Daily Post Article

Posted on 28th July, 2021

The Northern Ireland Protocol is recognised as the most contentious element of the withdrawal agreement concluded between the United Kingdom and the European Union on the UK’s exit from the Union.

It was put in place to ensure that the border between Northern and Southern Ireland remained free of infrastructure and, ostensibly, to protect the functioning of the Belfast-Good Friday agreement, which has for over twenty years guaranteed peace in the once-troubled province.

However, since the end of the post-Brexit transition period in December, it has become increasingly clear that the practical application of the Protocol is problematic. Under its terms, in order to preserve the integrity of the EU’s single market, goods entering Northern Ireland – including from mainland Great Britain – are subject to EU regulation.

This has triggered the most lamentable unforeseen consequences. Fully 20 percent of all the EU’s checks on foodstuffs are now carried out in Northern Ireland, which has a population less than 0.5 percent of the entire bloc. Trade in horticultural products between GB and Northern Ireland has virtually ceased. Tractors intended for sale in Northern Ireland have been turned away at Larne port because of soil on their wheels.

All this has happened during the post-transition “grace period”, which, though extended, will soon end. It will then not be possible, for example, to sell in Northern Ireland chilled meat products, such as sausages, produced in GB.

Understandably, this has caused outrage in NI. There have been outbreaks of disorder, including a particularly troubling spate of rioting in Londonderry and Belfast at Easter.

Paradoxically, in the face of such glaring evidence that the Protocol is not working, the EU continues to assert that its strict application is the best way to protect the Belfast Agreement; this, despite the intervention of respected figures such as the Nobel Prize winner, David Trimble, who have warned that the Protocol poses an existential threat to the Agreement.

It is clear that the current state of affairs cannot continue. For that reason, the Government last week published a Command Paper setting out proposals to amend the Protocol. Prominent among them is the replacement of checks with a new “trusted trader” arrangement that would radically reduce the number of checks on goods.

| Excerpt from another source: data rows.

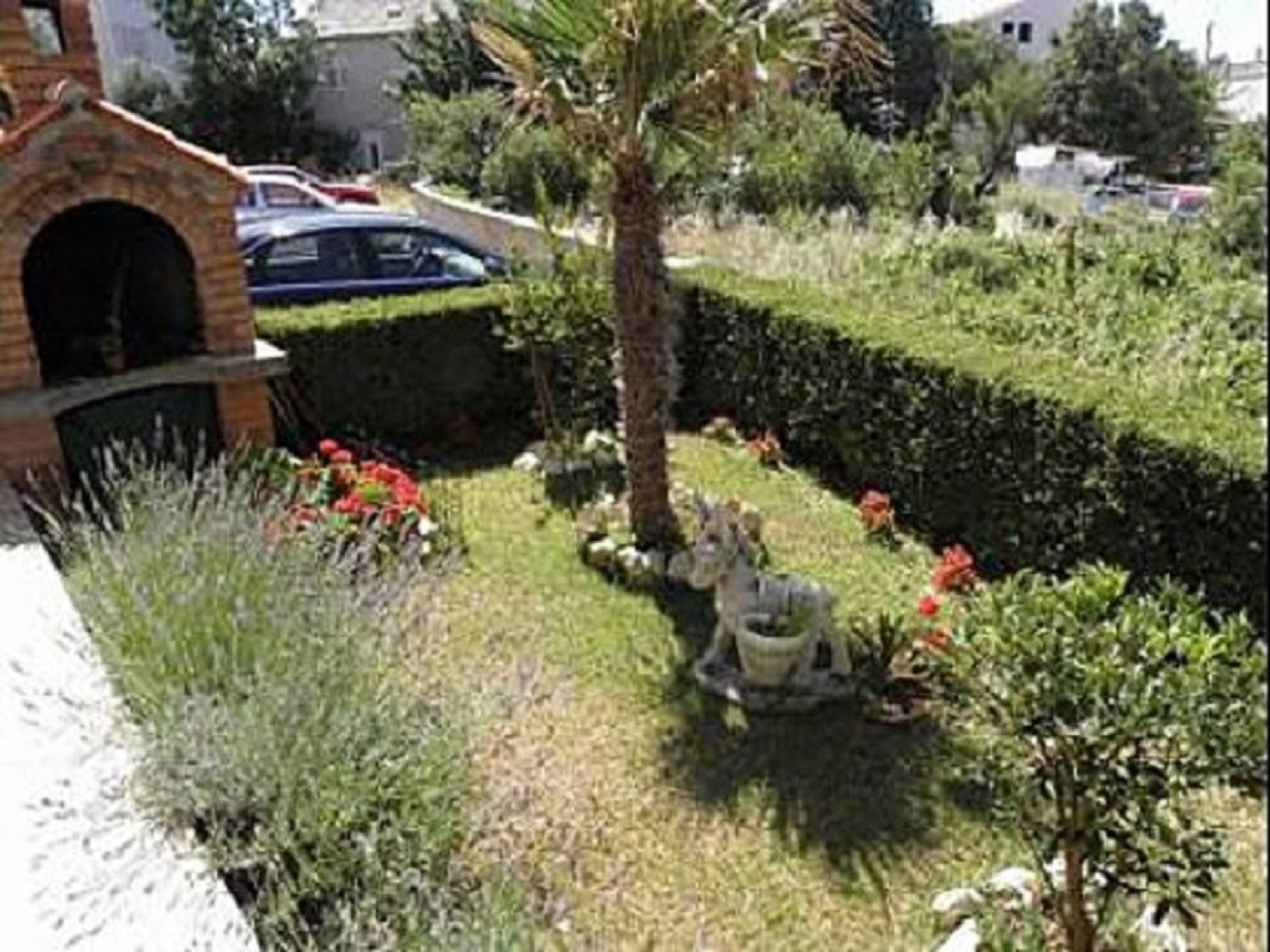 Room Antony - free grill: R1 Novalja, Island Pag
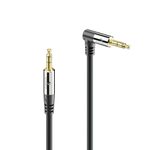Sonero 3,5mm Audio Kabel 1x90° 2,0m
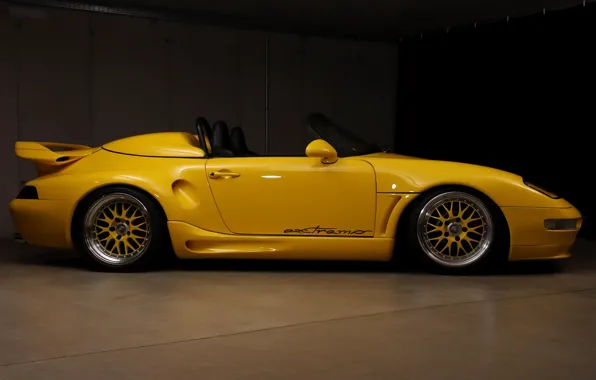 Картинка Porsche, Gemballa, BiTurbo, 1996, Gemballa Extremo BiTurbo, Extremo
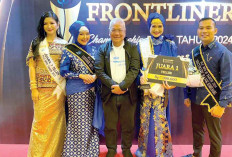 Raih Juara Frontliner Championship BPDSI 2024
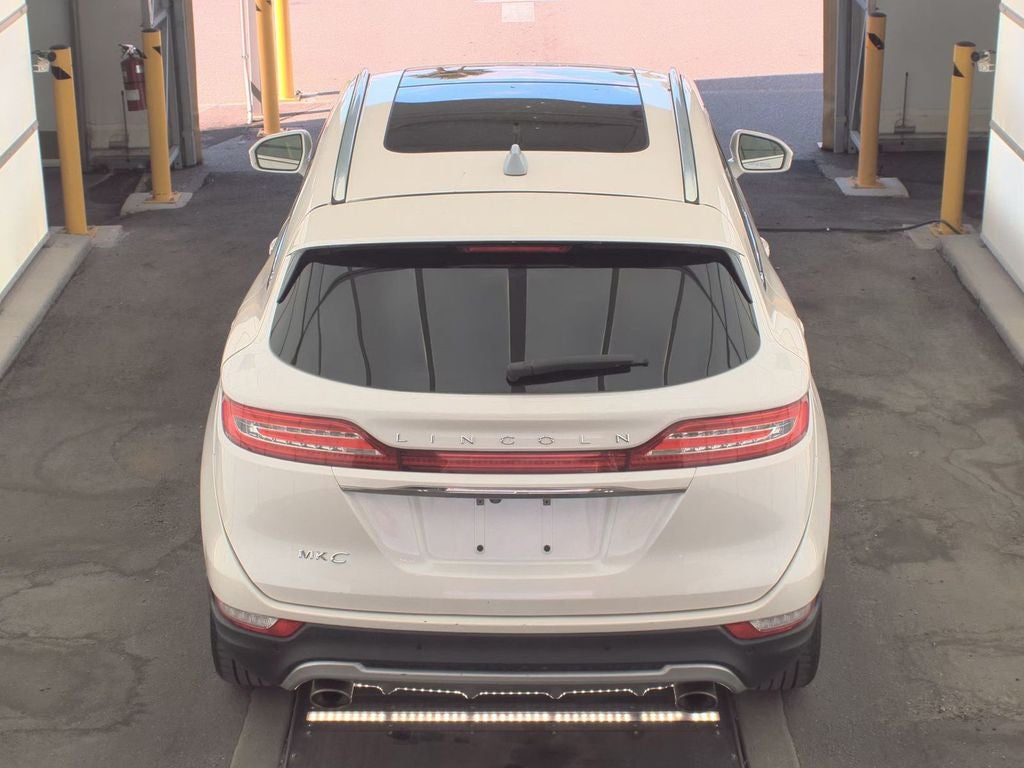 2019 Lincoln MKC Reserve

The Command Paper is a set of proposals, not a demand. Predictably, the EU has responded that it will not renegotiate the Protocol, but will engage with the UK, which is a good sign.

The EU will be mindful that article 16 of the Protocol provides that either party may take “safeguard” measures in the event of “serious economic, societal or environmental difficulties that are liable to persist” or “diversion of trade”. There is no doubt that those conditions currently prevail in Northern Ireland. The Government has indicated that, if necessary, it will put such measures in place.

Clearly, something is needed to break the logjam. The Belfast Agreement must be protected. The Command Paper may well prove the catalyst for a return to normal life in Northern Ireland.